Your goal
The listing below is to be duplicated exactly, with every picture omitted.

Data
————

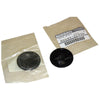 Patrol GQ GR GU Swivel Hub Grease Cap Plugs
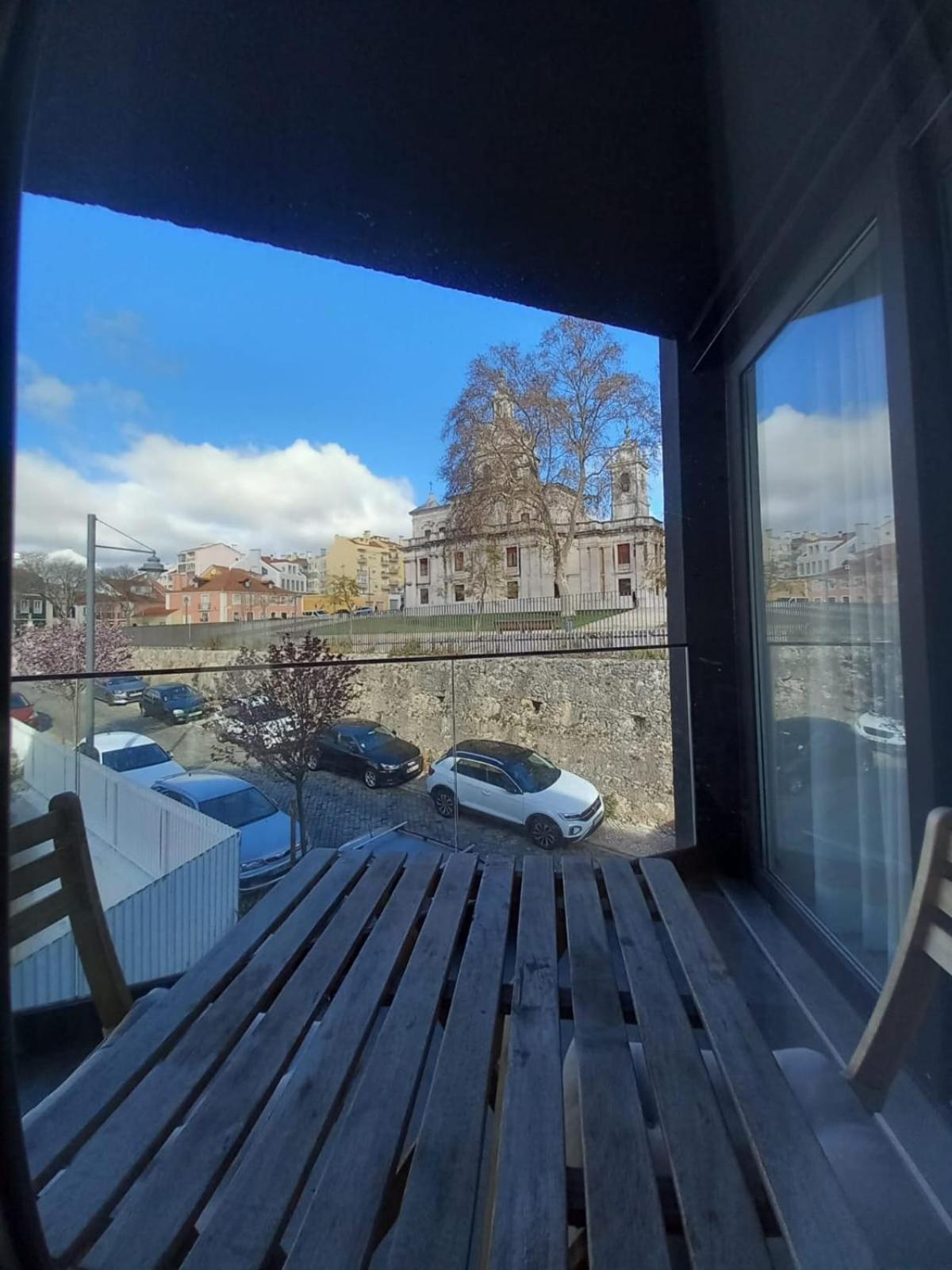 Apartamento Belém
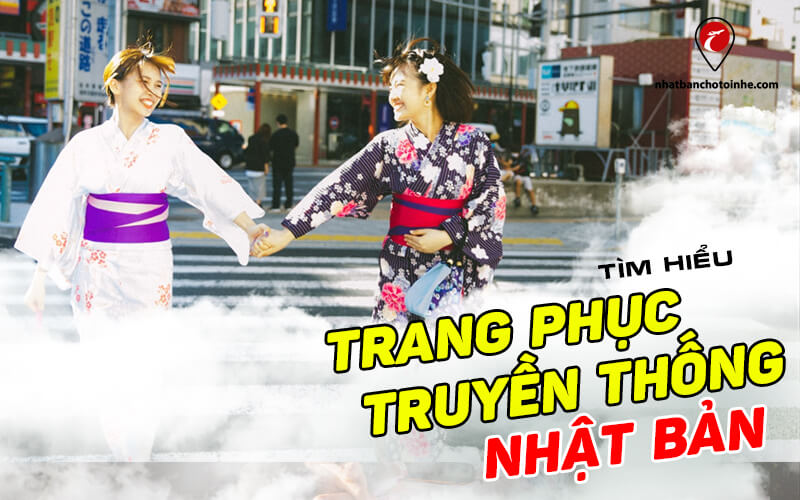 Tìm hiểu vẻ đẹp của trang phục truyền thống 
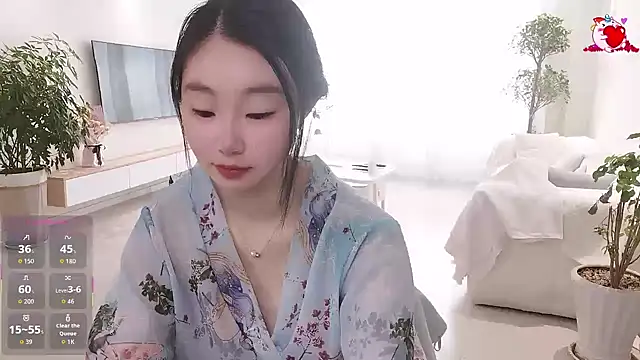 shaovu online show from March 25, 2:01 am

————

Result of this exercise
 Patrol GQ GR GU Swivel Hub Grease Cap Plugs
 Apartamento Belém
 Tìm hiểu vẻ đẹp của trang phục truyền thống 
 shaovu online show from March 25, 2:01 am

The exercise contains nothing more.